* What this task involves: For the data that follows, print the line with "2018 Land Rover", the line with "Vista 7 de Almohada", and all lines between them, exactly as they stand. Omit pictures and add nothing.

* Input data:

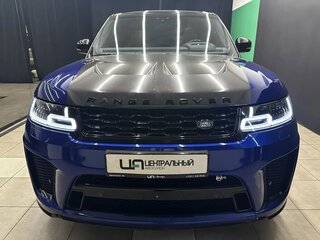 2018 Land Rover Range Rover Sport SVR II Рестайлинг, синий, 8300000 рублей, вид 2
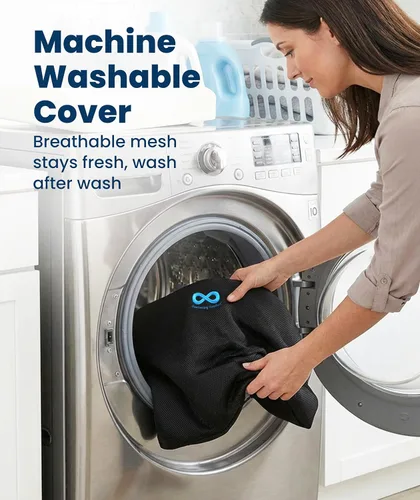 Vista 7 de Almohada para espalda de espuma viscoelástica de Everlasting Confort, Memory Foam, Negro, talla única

* * *

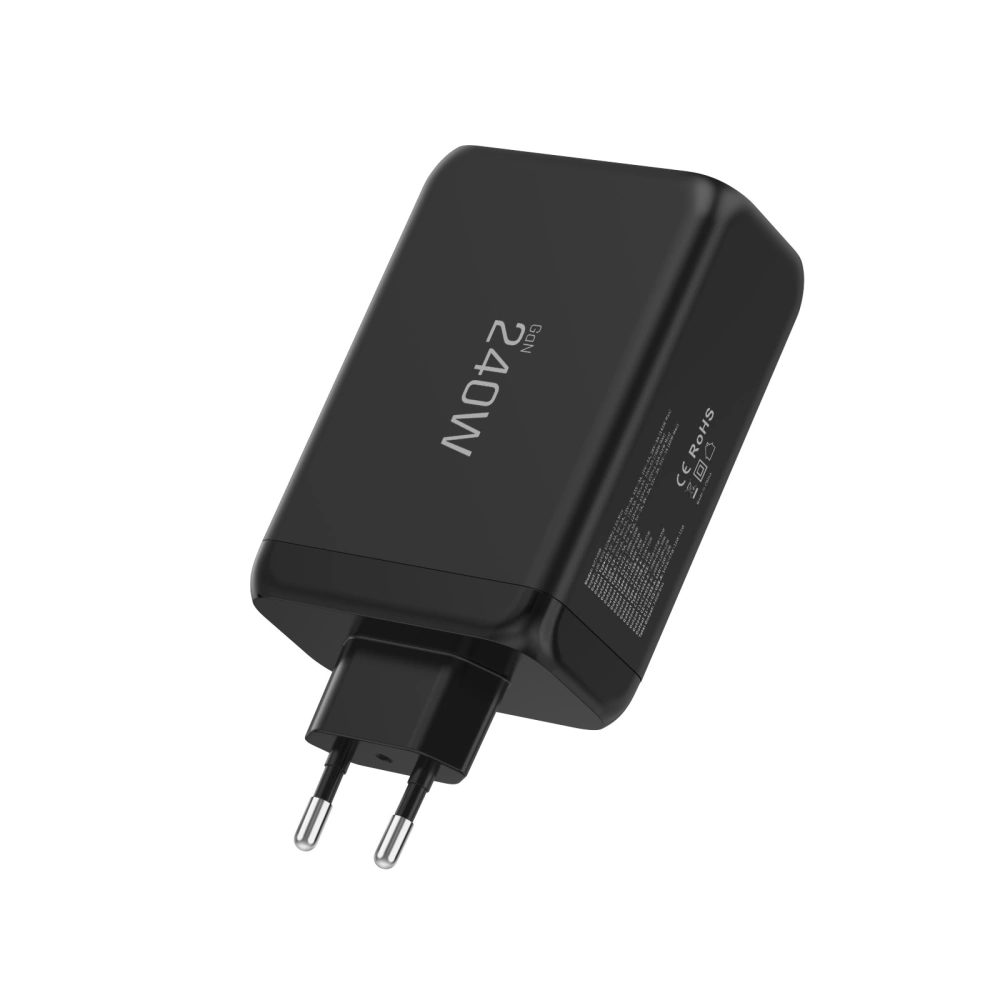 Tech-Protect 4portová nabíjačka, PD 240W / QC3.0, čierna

* Written solution:
 2018 Land Rover Range Rover Sport SVR II Рестайлинг, синий, 8300000 рублей, вид 2
 Vista 7 de Almohada para espalda de espuma viscoelástica de Everlasting Confort, Memory Foam, Negro, talla única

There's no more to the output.